At the recent CES a number of companies seem to have shown the first CDMA/LTE smartphones to be launched at some point later in the year. From a telecoms point of view the interesting thing is how these phones will do voice calls while connected to an LTE network. The issue here is that LTE doesn’t have a built in voice service like GSM and UMTS. While most of the press mostly commented around the design, screen size, processor and other features, this topic was completely overlooked.

Steve, over at the Voice over LTE blog, however, comes up with some interesting answers on how voice service is implemented.
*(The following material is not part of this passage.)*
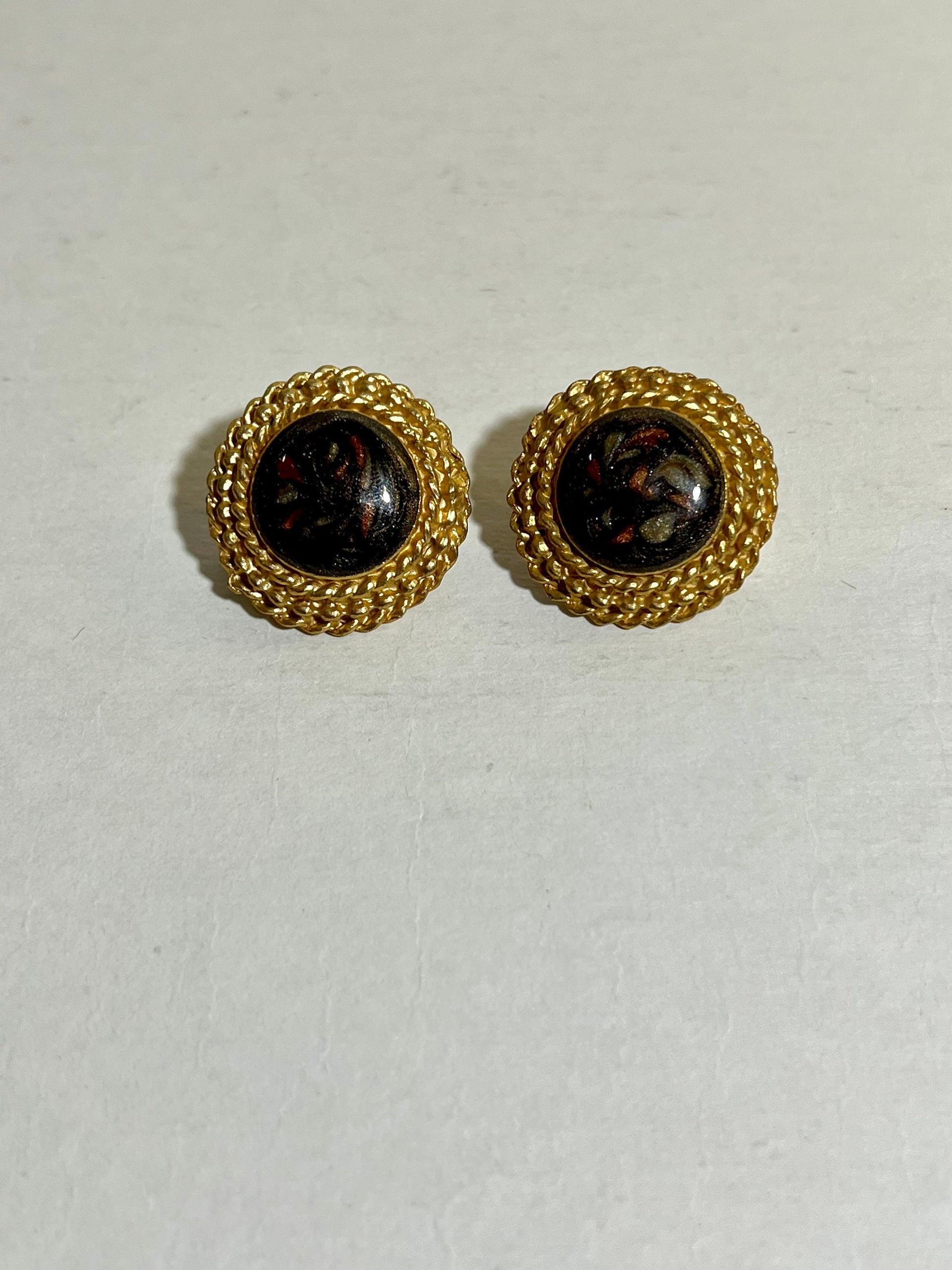 Vintage Round Gold Tone Earrings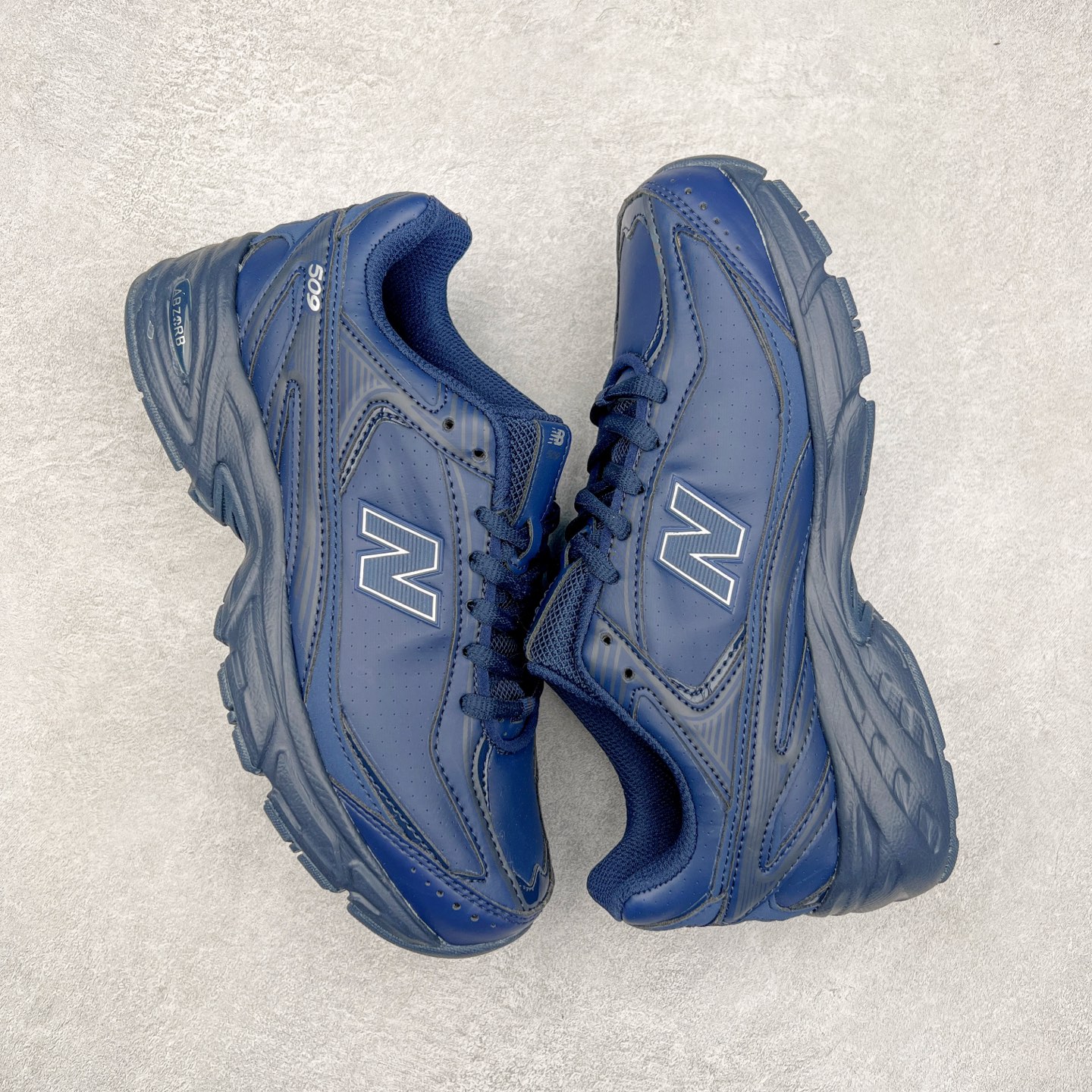 图片[3]-New Balance 推出了全新鞋款。这次复刻的 U509 是基于他们经典档案中的 NB509 跑鞋，赋予其全新的现代设计。虽然保留了原有的轮廓，但也根据当下潮流做了升级调整。相比之前的 509，新款 U509 的轮廓变得更加利落，侧面的皮革细节也增强了运动感。此外，鞋面采用了更大孔的网眼材质，让整体设计看起来更加潮流、时尚。实拍调校N版已经零色差零失真 百分百还原实物色彩所见即所得 不存在货不对板色差等低级问题 选购参考实物拍摄 不混卖不参货 只用心做好货严格选品 承诺混一赔十 尺码：36 36.5 37.5 38 38.5 39 40 40.5 41 42 42.5 43 44 44.5 45-选品中心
According to his post, these LTE phones will be connected to LTE and the CDMA network simultaneously so IP based traffic can use the LTE network while voice calls and text messages can be handled simultaneously by the CDMA network.

From a 3GPP GSM/UMTS engineer’s point of view this is, well, lets say, outmost sub-optimal. In the world of GSM and UMTS a lot of care is taken that voice calls and data sessions can move seamlessly between the two technologies. Ongoing calls will be handed over between the technologies when running out of UMTS coverage, for example, and the IP address and session contexts will also be preserved when hopping between the two radio networks. Voice and IP services even run concurrently, something that doesn’t work in the CDMA world at all. For LTE, the same mechanisms have been standardized for IP sessions and a number of different solutions exist to hand over ongoing LTE voice calls to GSM and UMTS.

So why are those phones not using these solutions? For one thing, they are designed for CDMA 2.5 / 3G network operators and from what I can tell they can’t use CS fallback, because that’s specified for fallback to GSM and UMTS only (please correct me if I’m wrong here). Also, Voice over LTE via GAN (VOLGA) is not an option for them as it is based on GSM and UMTS technology. That leaves them with VoLTE, which is an IMS solution with a specified feature set. Talked about in the industry for pretty much a decade it’s still nowhere to be seen and the announcement of dual-active-radio phones for LTE indicates that showtime for that technology won’t be anytime soon. Hence, their move to dual-active-radio phones.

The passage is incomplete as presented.